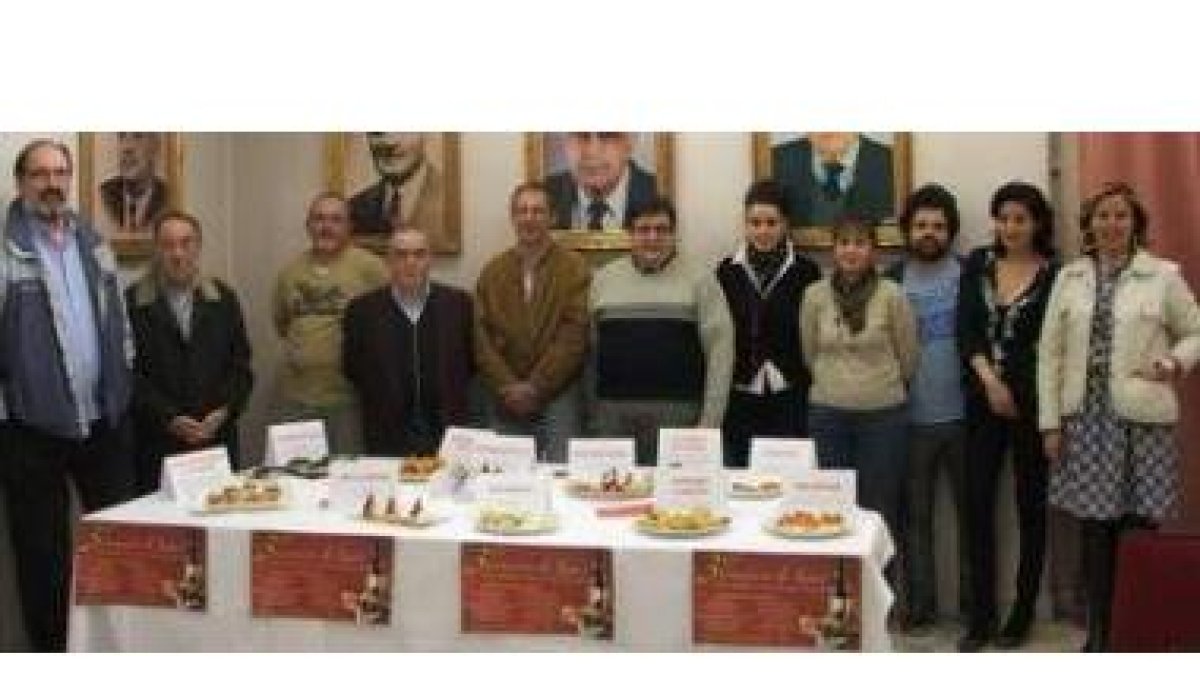 Los representantes de los establecimientos que participarán en el concurso presentaron sus tapas.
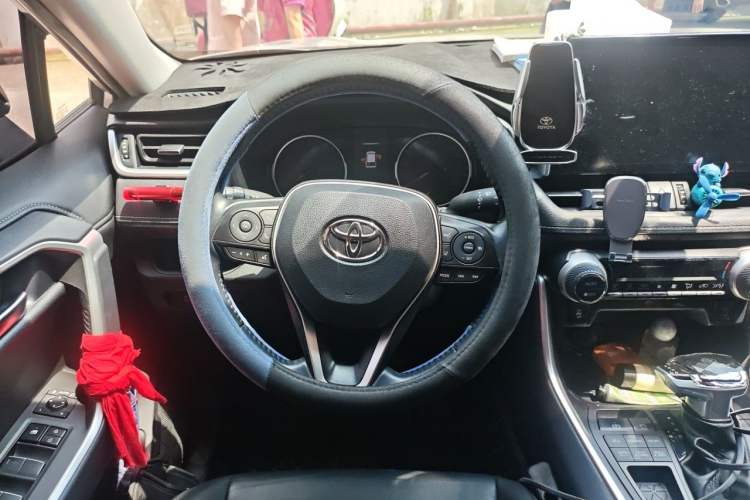 Used Toyota Wildlander 2022 2.0L CVT 4x4 Luxury PLUS Edition Steering Wheel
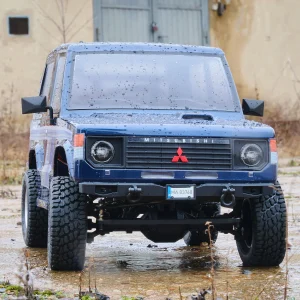 SCA-1E 2.1 Mitsubishi Pajero 1/10 XL-W 313mm WB RTR 4WD - Carisma
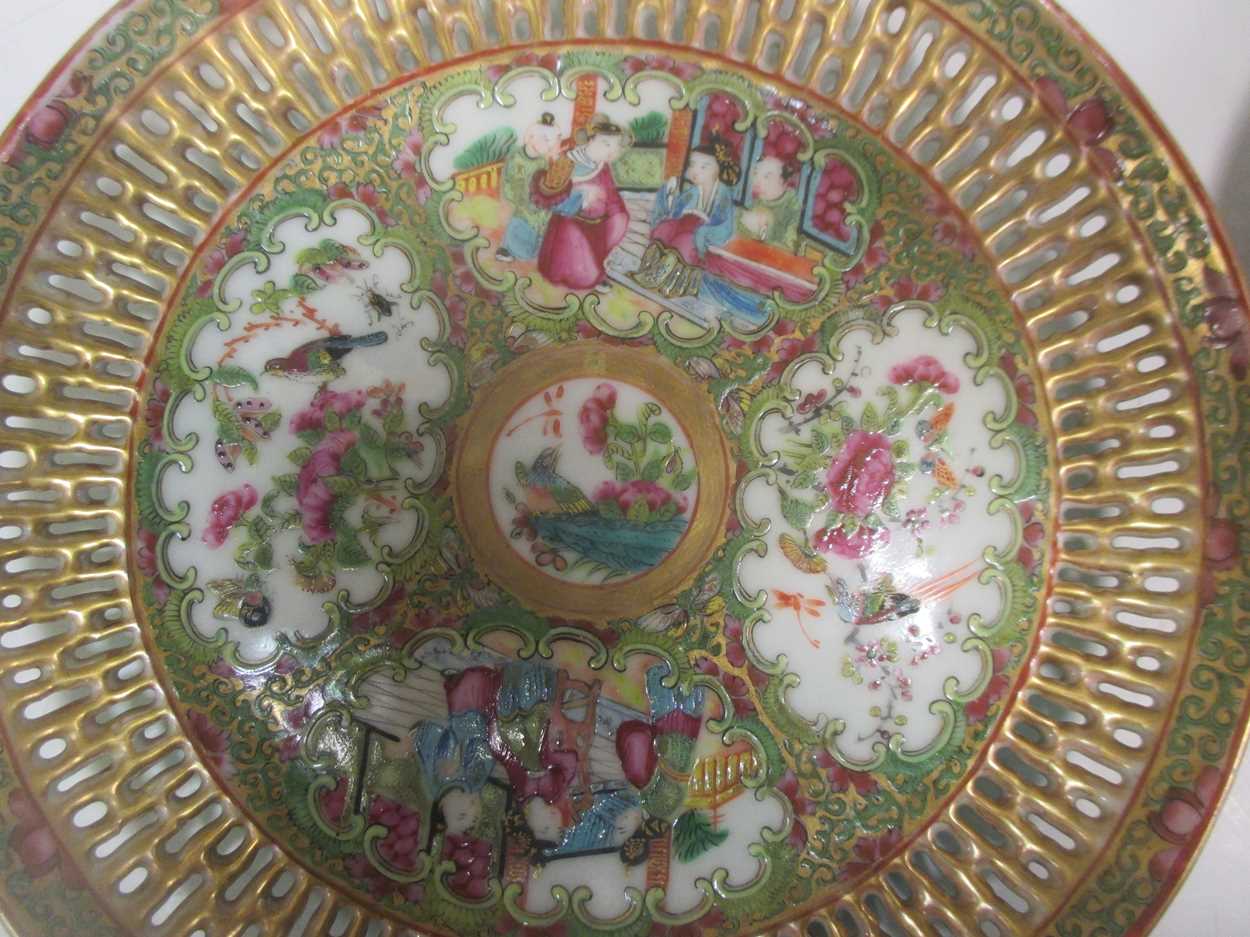 A pair of Chinese Cantonese export porcelain pierced plates - Image 5 of 5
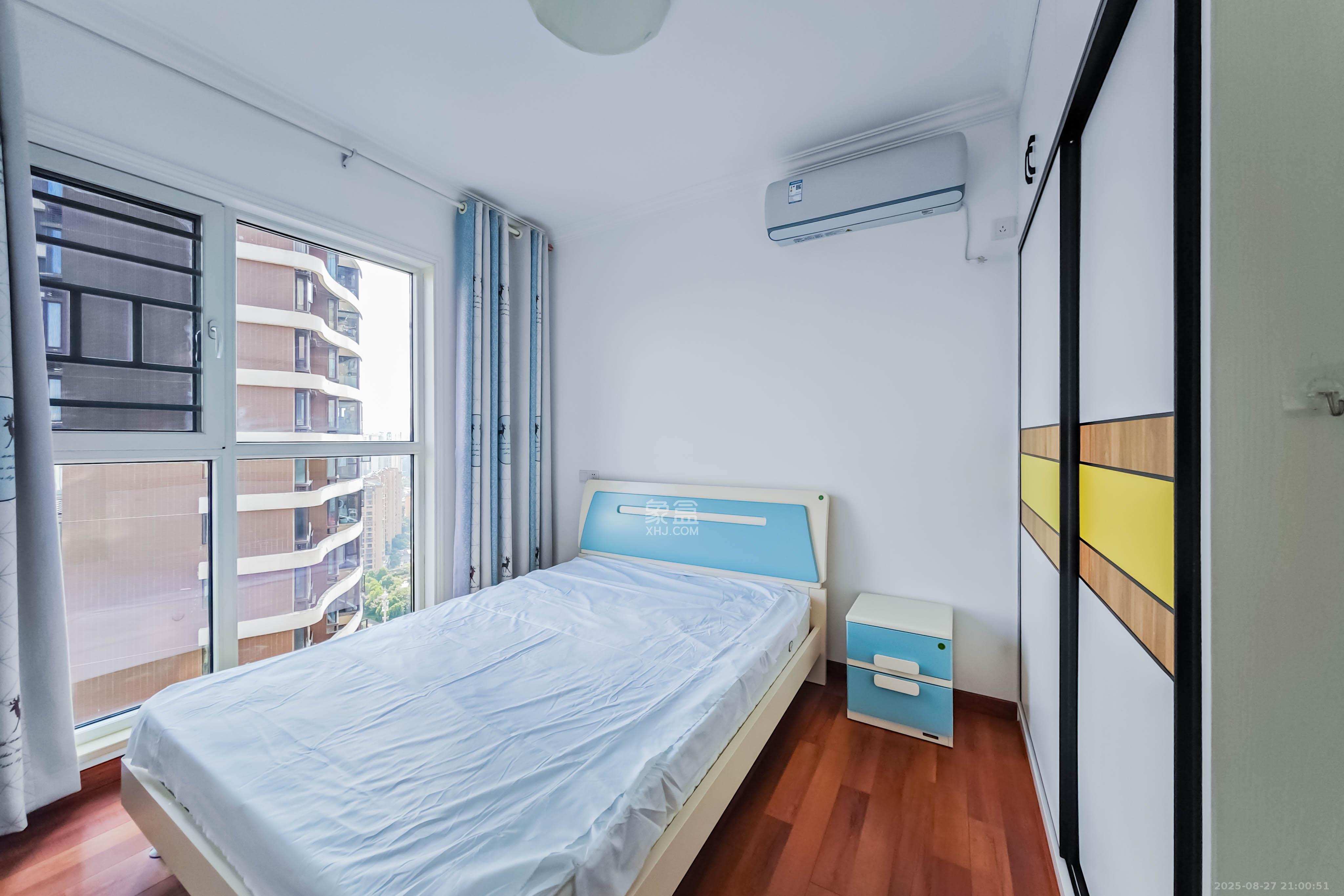 京武浪琴山一、二期 2室2厅1卫 140.0万 京武浪琴山一、二期 2室2厅1卫 140.0万卧室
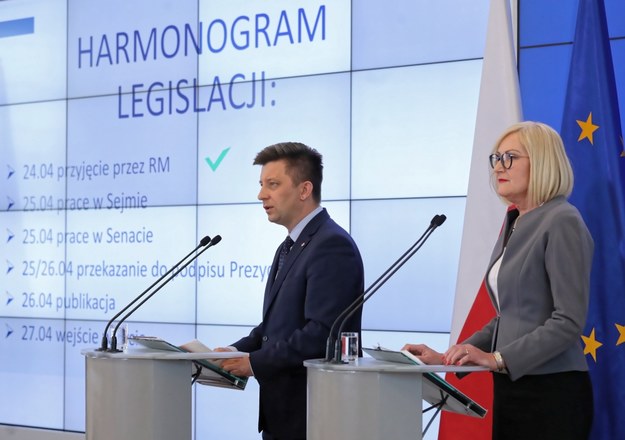 Rzecznik rządu Joanna Kopcińska i szef Kancelarii Prezesa Rady Ministrów Michał Dworczyk podczas konferencji prasowej po posiedzeniu rządu / 	Tomasz Gzell    /PAP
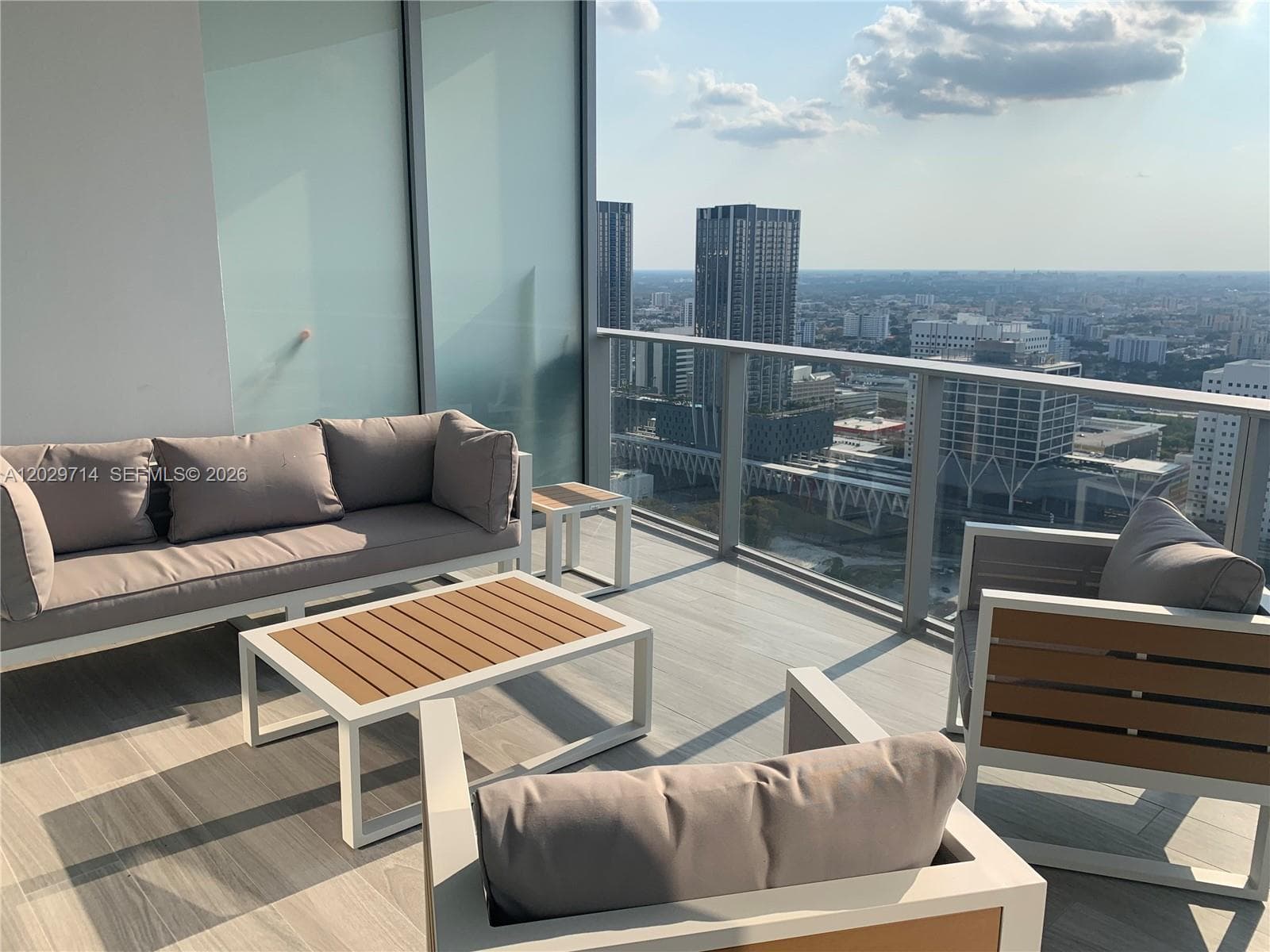 851 NE 1st Ave # 3404, Miami FL 33132 — 8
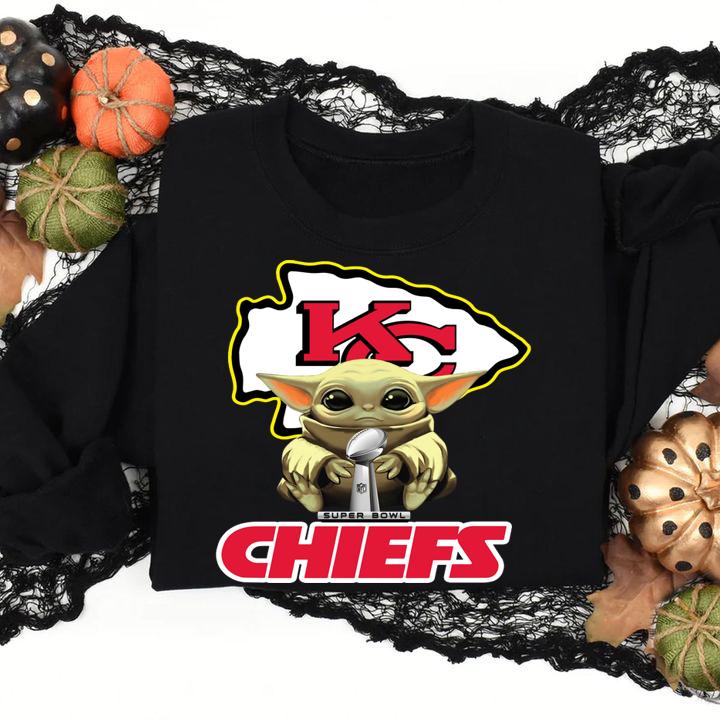 Kansas City Chief Baby Yoda Hug Super Bowl Star Wars t-shirt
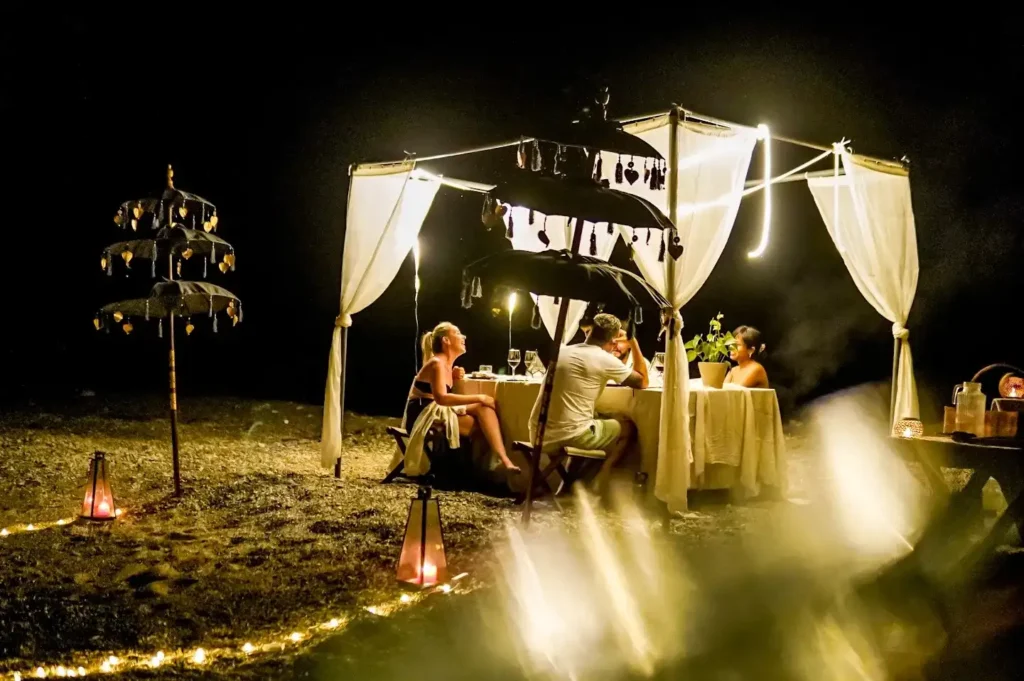 Magia 2 Boat Charter | Magia 2 Beach Setup Dining | Komodo Luxury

----------------------------------------

WHAT YOU HAVE TO DO:
Set down every entry above without alteration, but print no images.

OUTPUT BELOW:
 Los representantes de los establecimientos que participarán en el concurso presentaron sus tapas.
 Used Toyota Wildlander 2022 2.0L CVT 4x4 Luxury PLUS Edition Steering Wheel
 SCA-1E 2.1 Mitsubishi Pajero 1/10 XL-W 313mm WB RTR 4WD - Carisma
 A pair of Chinese Cantonese export porcelain pierced plates - Image 5 of 5
 京武浪琴山一、二期 2室2厅1卫 140.0万 京武浪琴山一、二期 2室2厅1卫 140.0万卧室
 Rzecznik rządu Joanna Kopcińska i szef Kancelarii Prezesa Rady Ministrów Michał Dworczyk podczas konferencji prasowej po posiedzeniu rządu / 	Tomasz Gzell    /PAP
 851 NE 1st Ave # 3404, Miami FL 33132 — 8
 Kansas City Chief Baby Yoda Hug Super Bowl Star Wars t-shirt
 Magia 2 Boat Charter | Magia 2 Beach Setup Dining | Komodo Luxury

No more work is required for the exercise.